Pastor Frank Cronje, the previous principal of Auckland Park Theological Seminary (then it was still a theological college and not a seminary) met with my dad in the early 1970s and asked him to become a full-time lecturer and “to teach the AFM church how to preach”. This was oom Frank’s way of asking him to become the lecturer in Practical Theology. I was still a pre-schooler, but I knew that my dad was responsible to help students to become effective preachers and, in my mind, that was a huge task.

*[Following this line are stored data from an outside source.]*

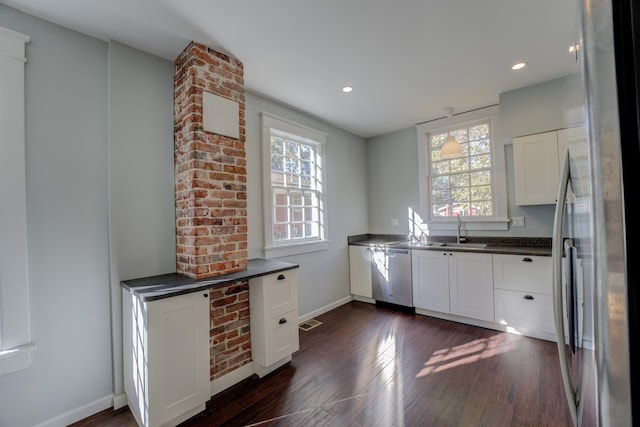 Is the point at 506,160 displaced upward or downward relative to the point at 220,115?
downward

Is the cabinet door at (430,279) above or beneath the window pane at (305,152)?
Answer: beneath

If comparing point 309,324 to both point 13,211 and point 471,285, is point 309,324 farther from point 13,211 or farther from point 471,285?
point 13,211

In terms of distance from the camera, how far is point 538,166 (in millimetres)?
2988

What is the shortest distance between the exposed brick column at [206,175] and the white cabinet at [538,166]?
309 centimetres

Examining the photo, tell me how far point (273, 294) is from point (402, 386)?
127 cm

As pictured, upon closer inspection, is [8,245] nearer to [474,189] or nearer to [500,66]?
[500,66]

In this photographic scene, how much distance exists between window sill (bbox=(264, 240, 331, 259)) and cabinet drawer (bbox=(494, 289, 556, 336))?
7.04 feet

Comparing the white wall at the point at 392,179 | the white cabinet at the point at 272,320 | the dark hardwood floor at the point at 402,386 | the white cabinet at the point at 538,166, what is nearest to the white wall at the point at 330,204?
the white wall at the point at 392,179

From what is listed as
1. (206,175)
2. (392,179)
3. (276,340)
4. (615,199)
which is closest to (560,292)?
(615,199)

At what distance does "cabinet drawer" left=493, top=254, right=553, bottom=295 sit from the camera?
2756 millimetres

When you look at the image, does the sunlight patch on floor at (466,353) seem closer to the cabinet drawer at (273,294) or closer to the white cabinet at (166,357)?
the cabinet drawer at (273,294)

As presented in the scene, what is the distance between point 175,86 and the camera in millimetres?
2365

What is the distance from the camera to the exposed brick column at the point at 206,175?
6.97ft

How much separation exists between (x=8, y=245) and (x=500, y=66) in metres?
4.10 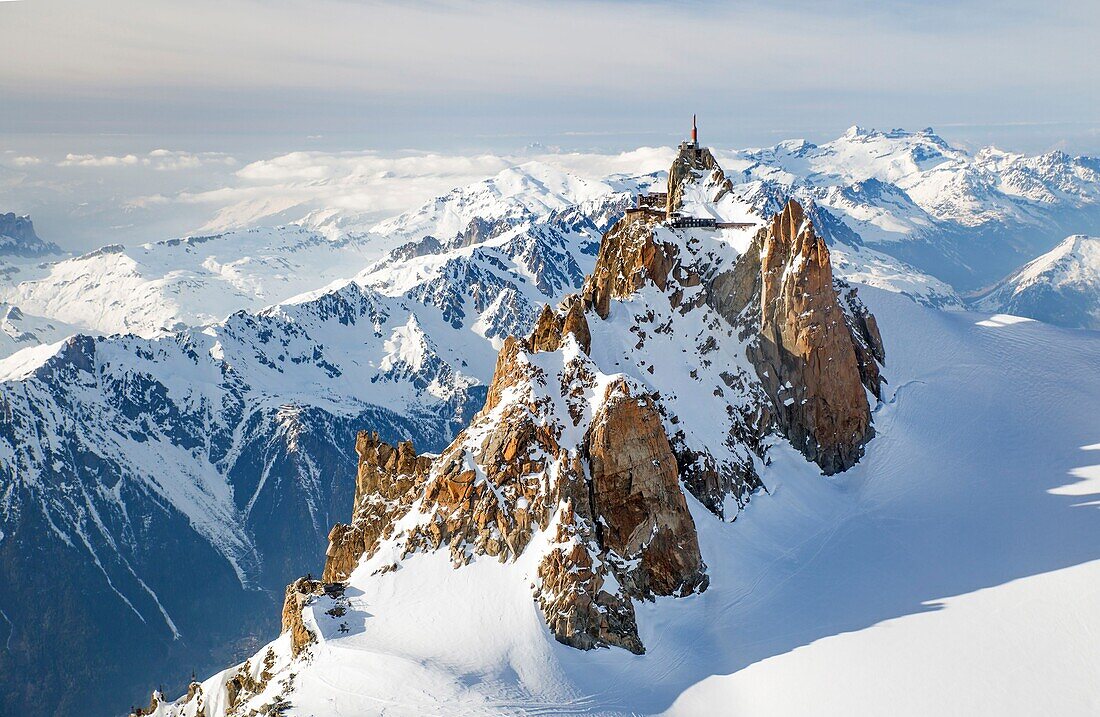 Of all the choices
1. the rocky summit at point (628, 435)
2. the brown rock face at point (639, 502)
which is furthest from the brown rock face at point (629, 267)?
the brown rock face at point (639, 502)

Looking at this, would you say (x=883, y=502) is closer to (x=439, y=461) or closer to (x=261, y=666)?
(x=439, y=461)

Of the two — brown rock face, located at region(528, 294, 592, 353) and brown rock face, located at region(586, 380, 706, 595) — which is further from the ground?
brown rock face, located at region(528, 294, 592, 353)

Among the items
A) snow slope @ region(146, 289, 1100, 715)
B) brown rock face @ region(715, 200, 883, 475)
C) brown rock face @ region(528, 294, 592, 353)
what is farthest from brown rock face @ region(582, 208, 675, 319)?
snow slope @ region(146, 289, 1100, 715)

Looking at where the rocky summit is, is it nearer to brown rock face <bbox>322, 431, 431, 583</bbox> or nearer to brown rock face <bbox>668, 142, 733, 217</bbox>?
brown rock face <bbox>322, 431, 431, 583</bbox>

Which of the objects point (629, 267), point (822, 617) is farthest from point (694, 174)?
point (822, 617)

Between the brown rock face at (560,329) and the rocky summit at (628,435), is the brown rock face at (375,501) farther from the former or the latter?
the brown rock face at (560,329)

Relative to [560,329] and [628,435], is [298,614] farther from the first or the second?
[560,329]

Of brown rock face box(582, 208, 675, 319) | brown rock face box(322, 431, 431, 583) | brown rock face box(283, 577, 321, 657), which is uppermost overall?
brown rock face box(582, 208, 675, 319) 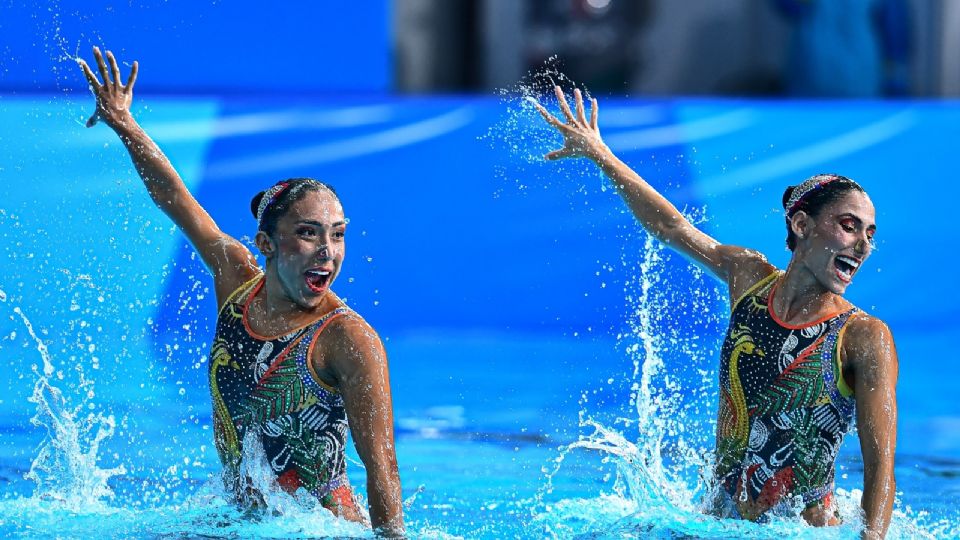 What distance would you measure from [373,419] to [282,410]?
0.40m

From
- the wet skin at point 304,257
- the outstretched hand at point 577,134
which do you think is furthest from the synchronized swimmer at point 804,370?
the wet skin at point 304,257

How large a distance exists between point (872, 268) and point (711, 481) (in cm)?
469

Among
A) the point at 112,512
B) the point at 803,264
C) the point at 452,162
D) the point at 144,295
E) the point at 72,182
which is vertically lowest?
the point at 112,512

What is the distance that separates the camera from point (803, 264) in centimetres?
405

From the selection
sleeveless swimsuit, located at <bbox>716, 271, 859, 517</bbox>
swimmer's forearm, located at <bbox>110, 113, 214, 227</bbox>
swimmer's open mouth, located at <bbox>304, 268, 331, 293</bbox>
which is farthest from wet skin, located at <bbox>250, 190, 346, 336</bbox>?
sleeveless swimsuit, located at <bbox>716, 271, 859, 517</bbox>

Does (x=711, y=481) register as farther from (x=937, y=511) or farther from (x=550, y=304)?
(x=550, y=304)

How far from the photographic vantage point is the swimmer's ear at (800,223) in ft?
13.2

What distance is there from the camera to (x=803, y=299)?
4.07m

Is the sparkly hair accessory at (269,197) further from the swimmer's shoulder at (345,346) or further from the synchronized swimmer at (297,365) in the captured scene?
the swimmer's shoulder at (345,346)

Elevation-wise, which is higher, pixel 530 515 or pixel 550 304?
pixel 550 304

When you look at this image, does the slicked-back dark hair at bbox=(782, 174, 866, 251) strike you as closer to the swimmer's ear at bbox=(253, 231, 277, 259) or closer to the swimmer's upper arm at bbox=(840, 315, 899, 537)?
the swimmer's upper arm at bbox=(840, 315, 899, 537)

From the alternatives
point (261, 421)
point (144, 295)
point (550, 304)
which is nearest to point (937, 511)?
point (261, 421)

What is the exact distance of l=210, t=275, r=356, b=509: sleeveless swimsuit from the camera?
149 inches

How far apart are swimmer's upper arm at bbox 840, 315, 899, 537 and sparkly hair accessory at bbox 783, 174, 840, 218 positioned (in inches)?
15.2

In those days the third-year students had to give a trial sermon for final evaluation in front of all the students, from first- up to third year. Those third-year students, who had already passed their trial sermons were allowed to critique the sermon, and right at the end my dad would stand up and give his feedback and whether the student passed or failed. I obviously never witnessed those classes, but I overheard many conversations between students and knew that this was a very stressful examination for them. Firstly, to preach with conviction to a crowd who is focused on identifying your shortcomings and then having everybody listen to the feedback. Yet, I have often heard of times when the whole hall met with God and were worshiping the Lord in tongues under the anointing of the Holy Spirit way past the allocated time.

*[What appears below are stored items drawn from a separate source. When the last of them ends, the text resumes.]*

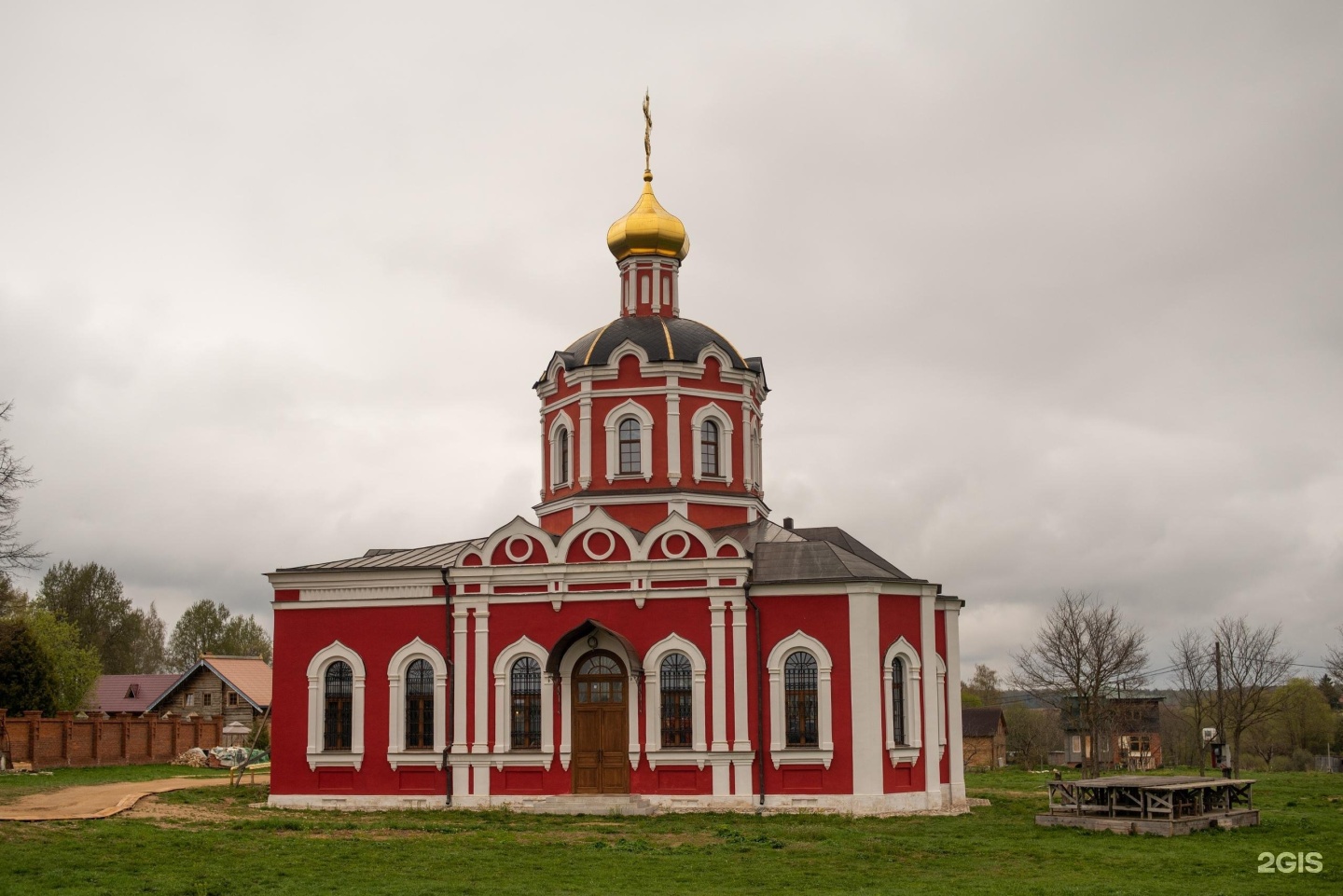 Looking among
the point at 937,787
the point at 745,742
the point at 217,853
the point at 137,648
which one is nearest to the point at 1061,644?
the point at 937,787

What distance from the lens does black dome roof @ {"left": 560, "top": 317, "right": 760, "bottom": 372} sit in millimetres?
30141

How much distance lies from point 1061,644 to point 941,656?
28.0 feet

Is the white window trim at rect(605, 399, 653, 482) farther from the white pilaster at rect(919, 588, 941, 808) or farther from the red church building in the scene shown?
the white pilaster at rect(919, 588, 941, 808)

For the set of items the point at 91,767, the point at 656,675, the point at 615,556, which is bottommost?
the point at 91,767

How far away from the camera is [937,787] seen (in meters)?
26.8

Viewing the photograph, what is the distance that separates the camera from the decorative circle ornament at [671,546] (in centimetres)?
2672

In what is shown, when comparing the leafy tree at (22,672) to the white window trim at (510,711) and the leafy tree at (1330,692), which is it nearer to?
the white window trim at (510,711)

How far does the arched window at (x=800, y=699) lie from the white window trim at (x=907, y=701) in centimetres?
140

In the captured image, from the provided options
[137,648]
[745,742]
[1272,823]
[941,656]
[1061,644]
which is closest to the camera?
[1272,823]

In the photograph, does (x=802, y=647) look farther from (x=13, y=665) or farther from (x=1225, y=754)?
(x=13, y=665)

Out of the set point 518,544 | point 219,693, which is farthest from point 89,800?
point 219,693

My story is about the times when a student, for some reason or another, could not preach his sermon in the hall at ATS, and was evaluated in the “real world”.
One of my early memories was of one such a student who arranged to preach at the Pinksteroord congregation in Johannesburg during the evening service. My mother and little sister did not come along, but I accompanied my dad to witness how the student performed this “huge task”. I listened very attentively to the sermon, trying hard to figure out if this was a good sermon or if the student would have to try again. I had a very “small heart” and dearly wanted the student to do well, but discomfort was building up within me and the longer he continued, the more my discomfort grew.
After the sermon, my dad had a private conversation with the student while I played outside in the rainwater concrete channels, wondering what my dad’s conclusion was going to be. I knew the importance of preparing students to become craftsmen at preaching the Good News (refer to 2 Tim 2:15 “Do your best to present yourself to God as one approved, a worker (craftsman) who does not need to be ashamed and who correctly handles the word of truth”). I knew that you cannot cut corners, but the student was so soft-spoken and gentle, and I did not want him to be offended. After the meeting my dad came to fetch me and we drove home. Eagerly I wanted to know if the student passed or not. His counter question was “What is your evaluation of the sermon?”. I thought that he said things that were the truth and corresponded with the Bible, but I was not sure … something did not feel right to me.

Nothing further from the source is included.